Photo by Jeffrey Lau / The Toronto Star |
I keep a growing list in my phone (and in my notebook) where I put everything memorable. It wasn't always so organized, though.
It's certainly an improvement - I used to just write things in the margins of whatever book I was reading, or I would maintain a current of post-it notes wandering in and out of my life for weeks at a time. This was inspired by a book I read when I was younger, where the protagonist's mother, a novelist, would hide notes throughout the house and use them as inspiration for her books whenever one happened to find her.
I was browsing through my own collection today and read, "Filipino family, living in grave for shelter".
This is a misnomer. You can't live in a grave but, as evidence by the photo above, you can build your life around them. It's an interesting phenomenon in my home country, and has been written about in several places around the internet.
All of these articles discuss Manila. It's the capital, and it's the most densely-populated. (To wit, dense was not a word I understood properly until I observed it all for myself. Picture Hwy. 401, the busiest highway in Canada, quintupled. Then add a cacophony of noise and the lightning quick, though terrifying, reflexes of your father, a former cab driver.)
While we did travel to more remote places in the Philippines, we spent most of our time in San Pablo City, a metropolis a few hours outside of the capital.
One morning, we set off to visit my Lola's (Tagalog for "grandmother") grave. The place was beautiful, with lush spanning green lawns and a smattering of headstones and mausoleums. There were palm trees, and a lot of interesting sculpture and details on the graves. I wish I took pictures. (Out of respect, though, I didn't.)
I was struck by a mausoleum a hundred meters or so away from my Lola's. Within the barred, glass-less windows of the memorial (presumably installed to ward off grave robbers), there was an entire family. They had hung clothes to dry and were sitting on plastic lawn chairs, simply hanging out around the stones that concealed their dead relatives.
It's a similar image to the photo above. It was a memory that was quickly replaced by something else not too long after - I only thought of it after passing a crowded* cemetery on my way to work the other day.
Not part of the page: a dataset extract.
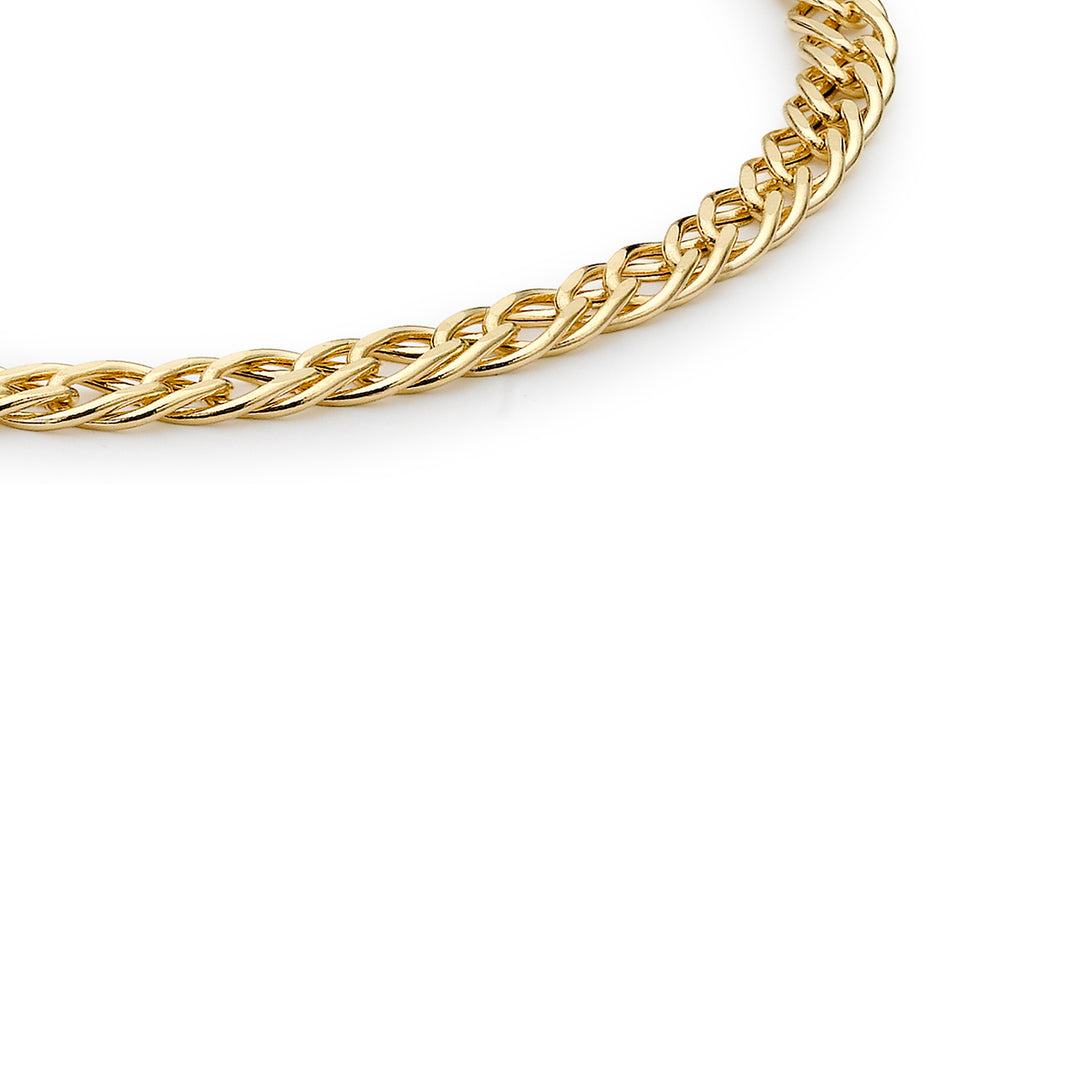 9ct Gold double curb link ladys bracelet 292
It also brought itself to mind after reading this quote the other day:
“We think we no longer love our dead, but that is because we do not remember them: suddenly we catch sight of an old glove and burst into tears.”
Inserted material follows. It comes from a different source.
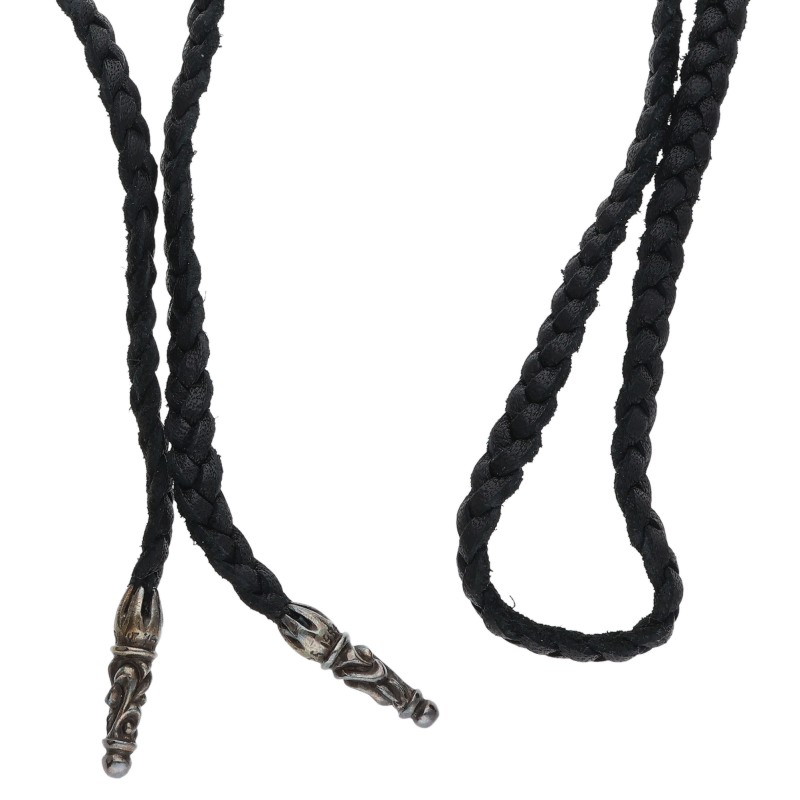 LEATHER BRAID / Scroll Leather Braid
- Marcel Proust, letter written to his wife in 1913
Grief comes in waves (think about going through a break-up and finding something small that sends you into a half-hour long rampage of Facebook creeping). I just wonder how you can weather that when you, quite literally, don't have anywhere else to go.
*I love the double entendre with "crowded" here. I should clarify - crowded with the dead, not the living.